### WORK TASK
Look through the material and copy each line holding "sold".

INPUT RECORDS Block Start

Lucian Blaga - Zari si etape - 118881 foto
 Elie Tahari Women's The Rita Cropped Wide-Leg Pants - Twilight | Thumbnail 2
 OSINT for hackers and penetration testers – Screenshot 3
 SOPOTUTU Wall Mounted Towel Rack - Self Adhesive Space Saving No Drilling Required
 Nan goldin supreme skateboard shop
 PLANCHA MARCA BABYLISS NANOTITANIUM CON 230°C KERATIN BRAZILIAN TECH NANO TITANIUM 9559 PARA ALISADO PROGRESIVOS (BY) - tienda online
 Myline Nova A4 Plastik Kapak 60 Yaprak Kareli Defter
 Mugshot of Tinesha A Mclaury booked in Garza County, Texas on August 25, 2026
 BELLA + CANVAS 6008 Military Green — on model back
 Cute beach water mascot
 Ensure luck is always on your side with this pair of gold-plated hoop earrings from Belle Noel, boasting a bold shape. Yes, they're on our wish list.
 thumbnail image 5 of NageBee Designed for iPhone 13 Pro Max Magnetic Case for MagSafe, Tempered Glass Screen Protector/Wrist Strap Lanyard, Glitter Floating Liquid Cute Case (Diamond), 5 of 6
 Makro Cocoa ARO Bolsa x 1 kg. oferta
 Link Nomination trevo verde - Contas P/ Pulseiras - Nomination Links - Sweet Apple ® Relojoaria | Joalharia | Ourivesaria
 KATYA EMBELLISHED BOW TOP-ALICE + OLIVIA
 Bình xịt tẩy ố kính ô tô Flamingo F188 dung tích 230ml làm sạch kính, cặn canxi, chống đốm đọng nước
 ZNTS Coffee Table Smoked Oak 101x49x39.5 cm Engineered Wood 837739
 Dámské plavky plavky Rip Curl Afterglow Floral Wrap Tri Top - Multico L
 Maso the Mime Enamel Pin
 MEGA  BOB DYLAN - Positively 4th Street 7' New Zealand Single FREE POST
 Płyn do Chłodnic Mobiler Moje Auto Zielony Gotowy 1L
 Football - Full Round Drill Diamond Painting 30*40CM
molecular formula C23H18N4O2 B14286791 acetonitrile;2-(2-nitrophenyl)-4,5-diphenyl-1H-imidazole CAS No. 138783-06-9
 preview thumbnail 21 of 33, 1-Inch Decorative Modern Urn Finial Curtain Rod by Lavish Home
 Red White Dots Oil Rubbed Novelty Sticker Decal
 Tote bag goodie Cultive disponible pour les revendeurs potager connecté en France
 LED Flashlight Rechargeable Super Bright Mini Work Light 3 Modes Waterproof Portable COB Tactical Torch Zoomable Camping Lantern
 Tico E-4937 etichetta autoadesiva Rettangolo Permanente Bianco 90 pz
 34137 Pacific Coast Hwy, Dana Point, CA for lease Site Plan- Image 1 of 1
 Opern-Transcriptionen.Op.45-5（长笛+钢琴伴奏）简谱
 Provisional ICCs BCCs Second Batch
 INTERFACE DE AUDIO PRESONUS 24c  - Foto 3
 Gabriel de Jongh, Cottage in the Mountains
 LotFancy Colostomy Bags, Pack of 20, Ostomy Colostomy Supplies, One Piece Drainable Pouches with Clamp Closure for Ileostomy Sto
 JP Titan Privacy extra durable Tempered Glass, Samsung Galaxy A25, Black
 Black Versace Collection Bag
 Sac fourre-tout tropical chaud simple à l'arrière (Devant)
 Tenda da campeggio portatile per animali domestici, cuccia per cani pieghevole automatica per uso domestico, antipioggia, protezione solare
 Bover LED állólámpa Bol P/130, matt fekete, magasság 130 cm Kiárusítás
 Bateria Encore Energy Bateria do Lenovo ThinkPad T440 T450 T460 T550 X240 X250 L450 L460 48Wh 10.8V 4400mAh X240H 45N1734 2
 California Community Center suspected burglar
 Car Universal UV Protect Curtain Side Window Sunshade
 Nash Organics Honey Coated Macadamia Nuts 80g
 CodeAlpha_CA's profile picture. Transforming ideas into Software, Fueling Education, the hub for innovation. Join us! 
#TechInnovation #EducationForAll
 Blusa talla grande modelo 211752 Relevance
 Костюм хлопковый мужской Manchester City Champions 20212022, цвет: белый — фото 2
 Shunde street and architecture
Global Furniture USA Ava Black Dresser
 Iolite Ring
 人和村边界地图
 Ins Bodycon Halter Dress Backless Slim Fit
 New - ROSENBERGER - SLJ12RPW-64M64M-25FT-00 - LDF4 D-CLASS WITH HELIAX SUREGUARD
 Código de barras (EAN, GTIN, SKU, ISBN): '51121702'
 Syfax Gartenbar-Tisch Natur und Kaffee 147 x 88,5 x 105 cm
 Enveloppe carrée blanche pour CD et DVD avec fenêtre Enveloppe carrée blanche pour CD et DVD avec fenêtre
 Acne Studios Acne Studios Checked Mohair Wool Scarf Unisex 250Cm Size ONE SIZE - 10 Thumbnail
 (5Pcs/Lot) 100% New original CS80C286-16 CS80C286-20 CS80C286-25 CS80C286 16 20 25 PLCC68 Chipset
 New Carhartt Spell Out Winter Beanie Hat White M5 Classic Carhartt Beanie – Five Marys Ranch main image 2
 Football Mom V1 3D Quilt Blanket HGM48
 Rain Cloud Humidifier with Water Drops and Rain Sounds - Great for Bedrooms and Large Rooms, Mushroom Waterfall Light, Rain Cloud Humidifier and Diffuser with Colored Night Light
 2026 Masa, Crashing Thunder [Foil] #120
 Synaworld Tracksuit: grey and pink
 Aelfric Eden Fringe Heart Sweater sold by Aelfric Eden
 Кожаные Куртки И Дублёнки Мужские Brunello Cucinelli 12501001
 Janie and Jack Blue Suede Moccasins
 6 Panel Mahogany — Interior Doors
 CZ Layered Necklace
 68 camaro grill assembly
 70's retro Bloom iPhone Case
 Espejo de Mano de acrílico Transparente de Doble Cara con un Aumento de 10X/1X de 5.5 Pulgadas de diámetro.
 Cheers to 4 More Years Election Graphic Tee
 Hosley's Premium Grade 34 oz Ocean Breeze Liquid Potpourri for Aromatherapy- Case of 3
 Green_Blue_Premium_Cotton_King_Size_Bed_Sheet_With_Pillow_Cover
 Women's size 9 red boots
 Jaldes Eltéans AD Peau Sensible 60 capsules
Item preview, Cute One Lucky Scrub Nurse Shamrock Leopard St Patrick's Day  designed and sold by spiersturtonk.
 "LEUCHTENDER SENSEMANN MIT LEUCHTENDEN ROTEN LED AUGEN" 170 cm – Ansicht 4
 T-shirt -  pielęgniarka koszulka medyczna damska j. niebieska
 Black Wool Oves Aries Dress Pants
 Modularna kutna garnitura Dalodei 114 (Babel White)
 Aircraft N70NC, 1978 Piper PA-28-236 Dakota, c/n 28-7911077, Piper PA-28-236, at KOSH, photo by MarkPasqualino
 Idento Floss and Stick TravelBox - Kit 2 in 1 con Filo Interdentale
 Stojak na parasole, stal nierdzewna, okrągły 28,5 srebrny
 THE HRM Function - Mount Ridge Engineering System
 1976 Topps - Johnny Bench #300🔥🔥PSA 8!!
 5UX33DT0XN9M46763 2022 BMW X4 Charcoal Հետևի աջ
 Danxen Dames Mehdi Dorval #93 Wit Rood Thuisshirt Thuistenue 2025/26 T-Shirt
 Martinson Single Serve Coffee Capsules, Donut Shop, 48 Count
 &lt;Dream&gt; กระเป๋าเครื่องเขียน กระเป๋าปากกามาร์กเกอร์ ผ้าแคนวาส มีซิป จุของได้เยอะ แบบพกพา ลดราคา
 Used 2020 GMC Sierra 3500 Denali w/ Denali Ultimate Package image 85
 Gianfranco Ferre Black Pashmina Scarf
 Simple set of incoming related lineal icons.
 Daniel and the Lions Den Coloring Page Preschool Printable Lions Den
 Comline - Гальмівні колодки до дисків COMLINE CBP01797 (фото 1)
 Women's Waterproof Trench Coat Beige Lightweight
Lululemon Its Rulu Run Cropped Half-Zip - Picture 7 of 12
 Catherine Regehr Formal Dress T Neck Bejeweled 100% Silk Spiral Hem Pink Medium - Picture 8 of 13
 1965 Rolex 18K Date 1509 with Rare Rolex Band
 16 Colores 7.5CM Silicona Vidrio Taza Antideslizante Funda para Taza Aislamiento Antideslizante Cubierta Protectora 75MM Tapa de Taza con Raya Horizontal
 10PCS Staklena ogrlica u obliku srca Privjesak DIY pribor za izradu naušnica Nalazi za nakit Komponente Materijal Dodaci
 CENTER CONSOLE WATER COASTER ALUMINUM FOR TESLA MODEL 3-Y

INPUT RECORDS Block End

### COMPLETED EXERCISE
 Aelfric Eden Fringe Heart Sweater sold by Aelfric Eden
Item preview, Cute One Lucky Scrub Nurse Shamrock Leopard St Patrick's Day  designed and sold by spiersturtonk.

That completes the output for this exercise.